Reserve your spot now!

Lara Kroeker Interactive
Part4-47

Chapter 22: Back Again

You know that feeling when you wake up a little confused and don’t quite know where you are, and then you shake it off and everything is super normal again?

The dirt roads outside of the Kondoa Climax Annex Hotel and the call to prayer were anything but normal. Outside, women in colorful dresses—a few with water buckets on their heads—were walking down the dirt roads, and that dream state felt all the more real.

The annex hotel was similar to the hotel from the last trip and was technically part of the same complex. In fact, the same guy owned both. It had a few colourful rooms that encircled an area with tables and chairs that were great for sitting and working. Aisha was still there, but the rest of the staff had changed. Amina and Oliva were sorely missed, but the new girls were just as youthful, fun, and energetic.

Jet lag was still weighing on me, but that was nothing a little coffee couldn’t fix.

Moshi came by the hotel, and as we sat drinking coffee, a young ten-year-old girl came up and started asking questions in nearly perfect English. The bumpy ride to Kondoa town had taken seven hours, so in my tired state, my patience had worn thin, and I wanted to ignore her, but she persisted. Sometimes, it’s easier to not to trust someone who may just turn out to be a grifter, however old they are, but she was a lovely and smart girl who just wanted to talk. Her name was Baraka.

We spent the next few hours chatting, and I asked her to help with my Swahili. I told Baraka that when speaking Swahili, my brain was like a little baby (watoto), so she corrected all my mistakes, and she knew any word that eluded me.

Baraka lived with her grandmother around the corner from the hotel, so we walked her home with the intention to ask that she be allowed to come with us to Iyoli as a translator. Baraka’s mother worked in Arusha as a nurse and happened to be home for the weekend, but unfortunately her father had died earlier in the year. We were invited into their cement house and sat on the couch along the wall. We talked about the project and showed them the book from Strathcona, as well as the song and the videos. Everyone agreed that it would be a good learning opportunity for Baraka to come, but only if her teachers gave her permission to leave school. It was also nice having another female around to balance out all the men that this project would undoubtedly involve.

After leaving Baraka’s home, we went to the market to buy coffee beans. Tanzania is one of the best producers of coffee in the world—some of it’s even grown in Iyoli, but hotels all serve Nescafe instant coffee. I had been trying to explain that Nescafe is terrible and that people are willing to pay premium prices for a Tanzanian roast in Vancouver.

When I returned to the hotel, the girls agreed to roast and grind the coffee beans. When they brought me a cup of freshly brewed coffee, it was more of a meal than a drink with all the chewing involved, but rather than figuring out how to ask for a strainer, or insulting them by not drinking it at all, I just smiled and took big gulps.

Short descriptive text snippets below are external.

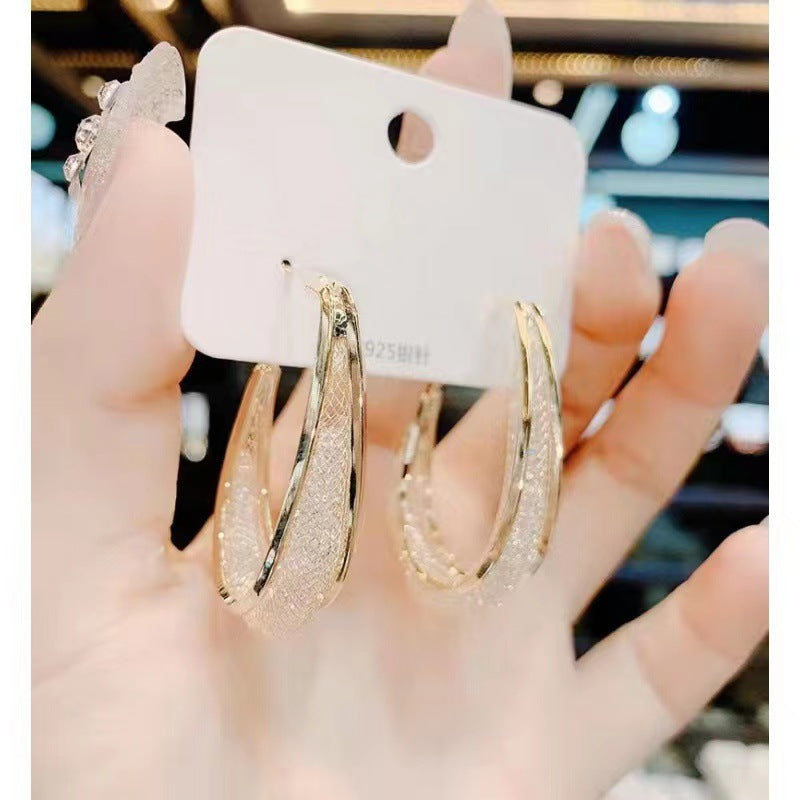 Wholesale Geometric Metal Mesh Crystal Hoop Earrings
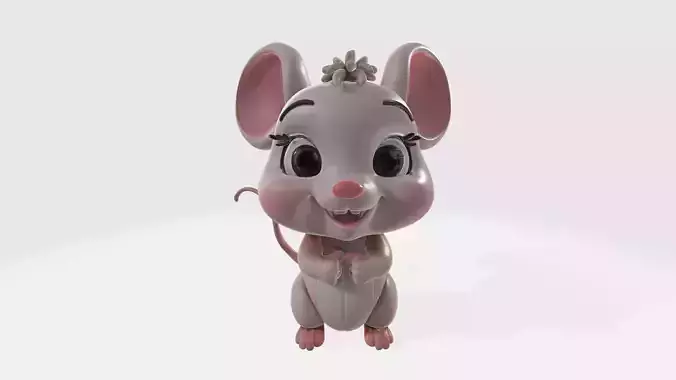 Cute Cartoon Mouse High Poly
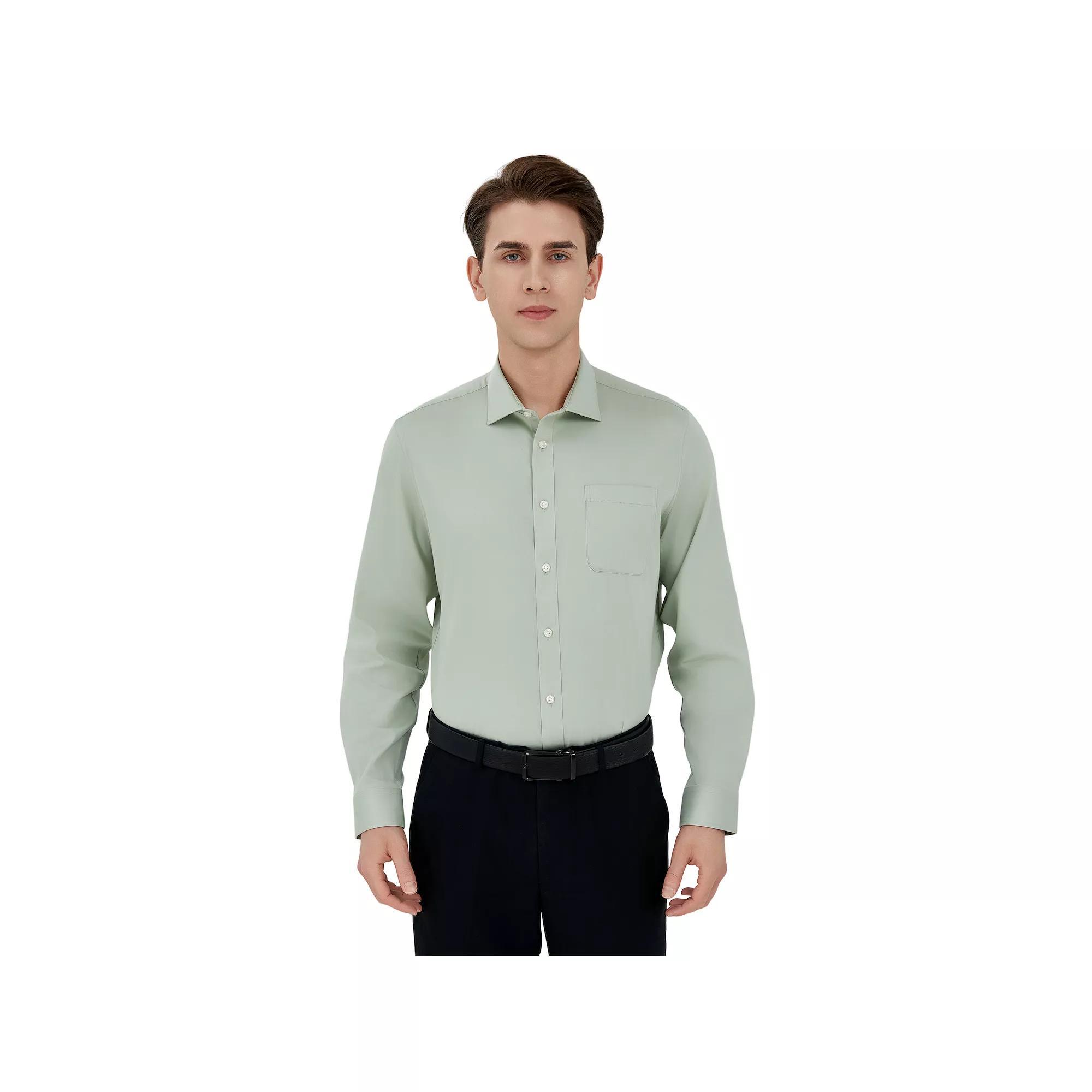 Men's Savile Row Classic Fit Sateen Dress Shirt, Size: XL-34/35, Green Product Image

Baraka, who was Muslim, attended a private catholic school with assistantance from a donor in Texas, and we stopped there before heading to Iyoli the next day. The school provided one of the best educations in the region, which is why she knew how to speak English so well. Much like other parts of Tanzania, proceedings at the school were quite formal, and obtaining permission took a while. We greeted the headmaster, signed in, and told her about the Iyoli Water Project. She then brought us to Baraka’s teacher and we explained our project. Again.

The teacher raved about Baraka’s marks and showed off all of her work. We spent over an hour at the school before they released her from class with a week’s worth of homework in tow.

We arrived in Iyoli late in the afternoon with Moshi, Baraka, and Issa the driver. The purpose of our visit was to prepare the villagers for the water survey that was going to take place and talk about the school exchange. Moshi had been back and forth to the village a few times over the last two months, but it was good for the villagers to see me accompanying him this time. Village politics were tough to understand, but suffice it to say, it all boiled down to gossip and mutterings. For all they knew, the project wasn’t real, but having me there helped to make it a reality for the villagers.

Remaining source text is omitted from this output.